Tamam, sana göre sende koronavirüs yok. Sapasağlamsın maşallah! Allah sana uzun ömür versin. Ama nereden biliyorsun sağlam olduğunu, doktor musun sen? Yoksa test yaptırdın da durumun negatif mi çıktı? Biliyorum ne doktorsun ne de test yaptırdın. Hoş, doktor bile test yaptırmadan kendisinde virüs olduğunu bilemeyebilir. Diyelim ki test yaptırdın, durumun negatif çıktı. O negatifin pozitife dönmeyeceğine dair vücudunla veya virüsle bir anlaşman mı var?

Diyelim ki kendinden eminsin, virüs taşımıyorsun. Her yönüyle sütten çıkmış ak kaşıksın. Ya benimle temas ettiğin gibi bir başkasıyla temas etmediğin ve ondan virüs kapmadığın ne belli ya da ben virüs taşıyorsam, olur olmaz yerlere girip çıkıp birileriyle temas etmişsem veya temas ettiğim kişilerden birinde bu virüs varsa... Gördüğün gibi bende tıpkı senin gibi potansiyel bir virüs taşıyıcısı olabilirim. O yüzden ne kendine çok güven ne de bana. Bugünlerde yoğurdu üfleyerek ye. Olağanüstü bir durumdan geçtiğimiz bugünlerde gülerek "Aslında tokalaşmamak lazım" deyip elini sakın uzatma. İfrit oluyorum bu duruma. Aymazlıktır bu. Cahil cesaretidir aynı zamanda.

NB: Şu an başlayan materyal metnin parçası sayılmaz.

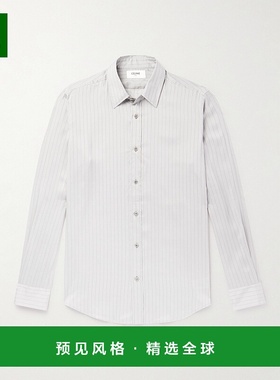 Celine 思琳 男士 条纹衬衫 2C813350V grey灰色 舒适时长袖男装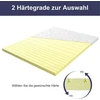 Čiužinys Bedstory 7 cm aukščio antčiužinis 160 x 200 cm, 2 viename kietumo lygiai H2 ir H3, 7 zonų antčiužinis pagamintas iš šalto putų poliuretano, antčiužinis spyruoklinei lovai, kemperiui, sofai-lovai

Benden ayrıldıktan sonra durum ciddi galiba deyip git evine kapan. Zorunlu olmadıkça dışarıya çıkma. Sakın ola ki soluğu marketlerde alıp ne bulursan almaya kalkma. Evine stok yapma. Alışverişini sair zamanlarda yaptığın gibi yap. Normalinden fazla alışveriş yaparak arz talep dengesini bozma. Evet, olağanüstü bir durumdan geçiyoruz. Ama ne kıtlık var ne de savaş ortamındayız. Çünkü yapacağın normalinden fazla satış ister istemez fiyatları uçuruyor. Sonra da fırsatçılık bu yaptıkları deyip esnafa kızma. Esnafı bu hale getiren maalesef sensin. Merak etme, acından ölmezsin. Yiyecek hiçbir şeyin kalmazsa bu millet seni aç bırakmaz. Elindekini seninle paylaşır. Sonra evine her şeyi depolayıp ben aradığımı bulamayınca sen huzur bulacak mısın? Unutma ki “Komşusu açken tok yatan bizden değildir.”

Bugünlerde alışverişi azaltıp evdeki olanla yetinmeyi dene. Tereklerdeki makarna paketlerine saldırma. Bu ara ne çabuk makarna sever oldun sonra. Makarnanın ne faydası var ayrıca. Makarna demek ekmek demektir, hamur demektir. Makarna yiyeceğine ekmek ye. Bil ki midene oturup hazım sorunu yaşatmaktan başka bir işe yaramaz o makarna. Ayrıca hastalığı tedavi edecek kadar şifası yoktur. Makarnanın sair yiyeceklere göre bir şifası olsaydı adları makarnacıya çıkan İtalyanlara şifa olurdu. İtalya kırılıyor koronavirüsten. Ölü sayıları virüsün çıktığı Çin’i geçti.

Hasılı eldeki olanla yetin biraz. Açgözlülük yapma. Nefsini terbiye etmeyi dene. Virüsle ilgili tedbirini al, ötesini merak etme şimdilik.

**24/03/2020 tarihinde Kahta Söz gazetesinde yayımlanmıştır.